Comment 5 Ian 'Hixie' Hickson 2011-02-11 23:31:47 UTC
EDITOR'S RESPONSE: This is an Editor's Response to your comment. If you are satisfied with this response, please change the state of this bug to CLOSED. If you have additional information and would like the editor to reconsider, please reopen this bug. If you would like to escalate the issue to the full HTML Working Group, please add the TrackerRequest keyword to this bug, and suggest title and text for the tracker issue; or you may create a tracker issue yourself, if you are able to do so. For more details, see this document:
   http://dev.w3.org/html5/decision-policy/decision-policy.html

Status: Rejected
Change Description: no spec change
Rationale: If there are pages that actually break if you implement what the spec says, then that changes matters. However, I haven't seen any evidence of this. Pages I looked at that exhibit oninput-like behaviour seem to use onkeypress, not oninput, since that's what's implemented more widely. (And the main page I'm thinking of fails to handle paste correctly, which is how I noticed that it was doing anything like this at all.)

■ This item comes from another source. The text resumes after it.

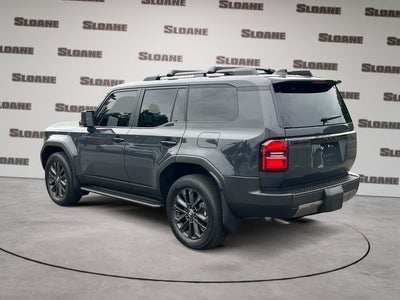 2026 Toyota Land Cruiser Base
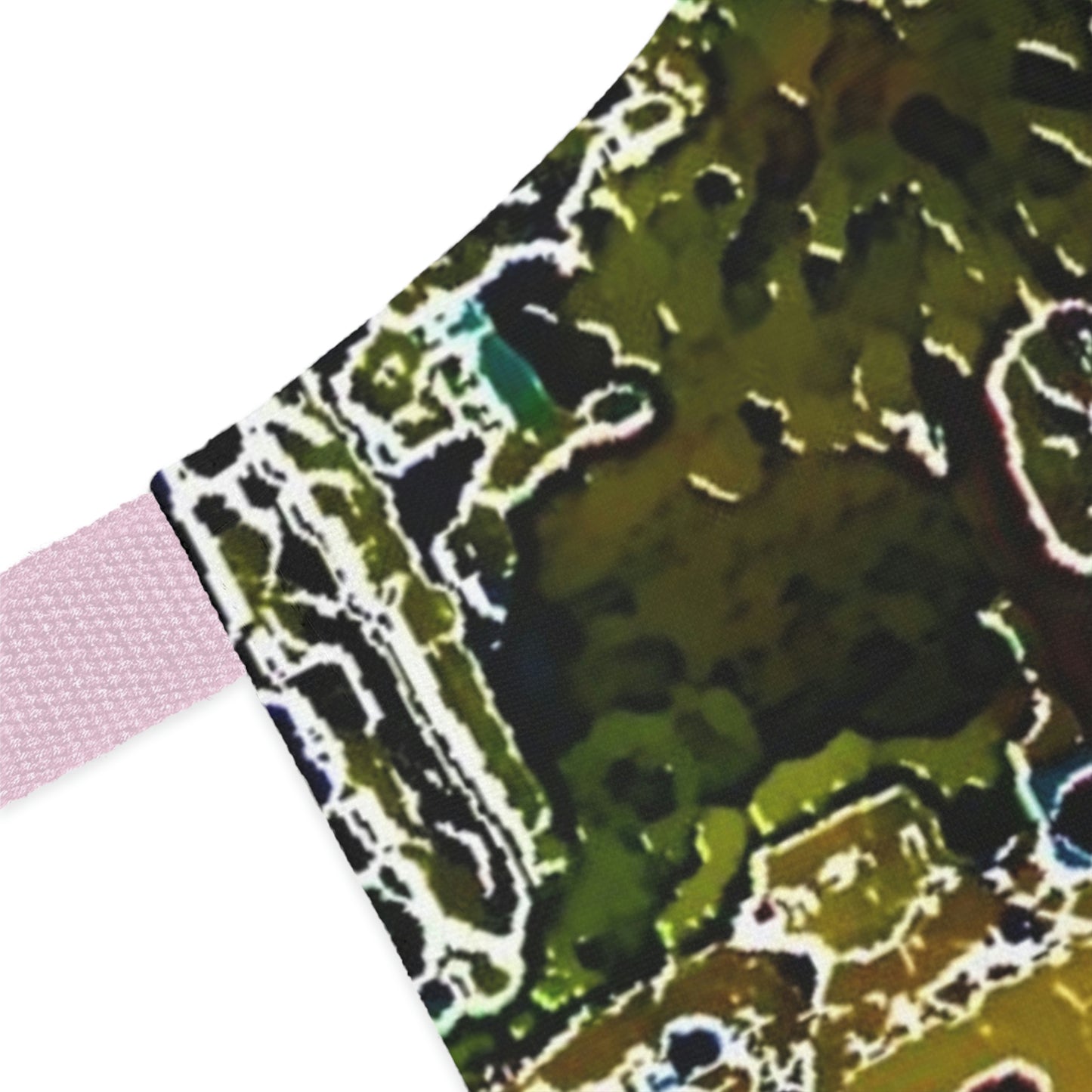 Apron (AOP) ... A Crazy Street ... 'Eight Winding Curve-Switchbacks' ... "Lombard Street, San Francisco, CA' ... Family Archives: 1970's ... Original Works ...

If we don't have a back-compat constraint, then the specced behaviour is significantly better than requiring UAs to fire oninput after every onkeypress, because it gives authors a way to do expensive "instant" computation in a way that doesn't waste CPU resources and in a way that doesn't require complicated manipulation of timers.
Comment 6 Aryeh Gregor 2011-03-04 02:19:53 UTC
I'm not going to argue it, but I still disagree.